What are the benefits of data vault model? ›

Flexibility in data storage: the Data Vault provides flexibility in data storage in a number of ways. Additional flexibility: being able to easily add new sources and entities. And for this, you do not have to modify the existing structure. More data storage: even wrong or incomplete data is stored.

What is the purpose of the data vault? ›

Data Vault is designed specifically for organisations that need to run agile data projects where scalability, integration of multiple source systems, development speed and business orientation are important.

What is the primary key in data vault? ›

Primary key is the hashed value of the business key or a sequence number (surrogate key). In Data Vault 2.0 [4], primary keys based on sequence number are replaced by hash-based primary keys. Load date indicates the date and time when the business key initially arrived in the hub.

How to load data in data vault? ›

There are two main types of data loading in a data vault: initial load and incremental load. Initial load is the process of populating the data vault with historical data from the source systems. Incremental load is the process of updating the data vault with new or changed data from the source systems.

What are data modelling techniques? ›

Data Modeling in software engineering is the process of simplifying the diagram or data model of a software system by applying certain formal techniques. It involves expressing data and information through text and symbols.

What are the disadvantages of Data Vault? ›

The Drawbacks of Data Vault

These include: 1. The Learning curve: In precisely the same way that 3rd Normal Form, Entity Relationship Modelling, and Dimensional Design are specific skills that take time to master, there is a learning curve with Data Vault.

What are the layers of Data Vault? ›

It consists of 3 layers: The landing zone is where all source data initially enters the data platform. The data maintains its source format and model. The Raw Data Vault contains raw, historical, unfiltered data from the sources.

What is the difference between data warehouse and Data Vault? ›

Data vaults store raw data as-is without applying business rules. Data transformation happens on-demand, and the results are available for viewing in a department-specific data mart. While a traditional data warehouse structure relies on extensive data pre-processing, the data vault model takes a more agile approach.

What are core business concepts in data vault? ›

Core Business Concepts are related to other ones through Natural Business Relationships (Links) and are described using Context (Satellites) entities.
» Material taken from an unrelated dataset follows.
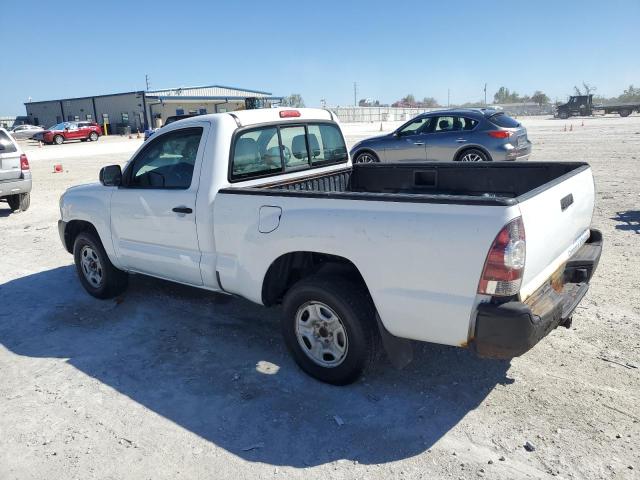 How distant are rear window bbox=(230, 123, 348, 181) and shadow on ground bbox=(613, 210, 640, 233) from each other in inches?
176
Any Hub entity in Data Vault can therefore have multiple active relationships to other entities through Links.

What are the four important components of data modelling? ›

What Are the Key Data Model Components?
  • Entities are the objects we want to represent in our data model and are usually represented by a table. ...
  • Attributes appear as columns in specific tables. ...
  • Records are shown in rows in each table. ...
  • Relationships define the associations between entities.
Apr 4, 2023

What are data modelling concepts in SQL? ›

SQL data modelling is the structure and relationship between data within system . It improves data understanding and result in efficient data usage . Key components of SQL data modeling include: Entities and Tables: Identify the entities (objects or concepts) that need to be represented in the database.
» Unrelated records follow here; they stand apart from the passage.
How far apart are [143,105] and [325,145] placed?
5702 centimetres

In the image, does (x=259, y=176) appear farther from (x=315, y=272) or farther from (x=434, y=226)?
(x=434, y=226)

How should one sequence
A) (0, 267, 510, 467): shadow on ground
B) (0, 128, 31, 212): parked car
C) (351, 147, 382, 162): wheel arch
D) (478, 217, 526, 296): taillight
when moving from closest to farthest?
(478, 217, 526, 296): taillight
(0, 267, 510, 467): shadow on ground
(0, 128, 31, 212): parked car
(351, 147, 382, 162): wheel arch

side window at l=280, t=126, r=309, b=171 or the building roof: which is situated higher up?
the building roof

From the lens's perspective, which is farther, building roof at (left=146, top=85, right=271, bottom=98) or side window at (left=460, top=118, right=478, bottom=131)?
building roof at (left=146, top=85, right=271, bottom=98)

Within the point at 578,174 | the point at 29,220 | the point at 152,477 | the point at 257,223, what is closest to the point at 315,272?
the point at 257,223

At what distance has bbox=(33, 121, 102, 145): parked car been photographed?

What are the five steps of data modeling? ›

The steps include:
  • Requirements analysis.
  • Conceptual modeling.
  • Logical modeling.
  • Physical modeling.
  • Maintenance and optimization.
Dec 13, 2023

References

Top Articles
Latest Posts
Recommended Articles
Article information

Author: Edmund Hettinger DC

Last Updated:

Views: 6141

Rating: 4.8 / 5 (58 voted)

Reviews: 89% of readers found this page helpful

Author information

Name: Edmund Hettinger DC

Birthday: 1994-08-17

Address: 2033 Gerhold Pine, Port Jocelyn, VA 12101-5654

Phone: +8524399971620

Job: Central Manufacturing Supervisor

Hobby: Jogging, Metalworking, Tai chi, Shopping, Puzzles, Rock climbing, Crocheting

Introduction: My name is Edmund Hettinger DC, I am a adventurous, colorful, gifted, determined, precious, open, colorful person who loves writing and wants to share my knowledge and understanding with you.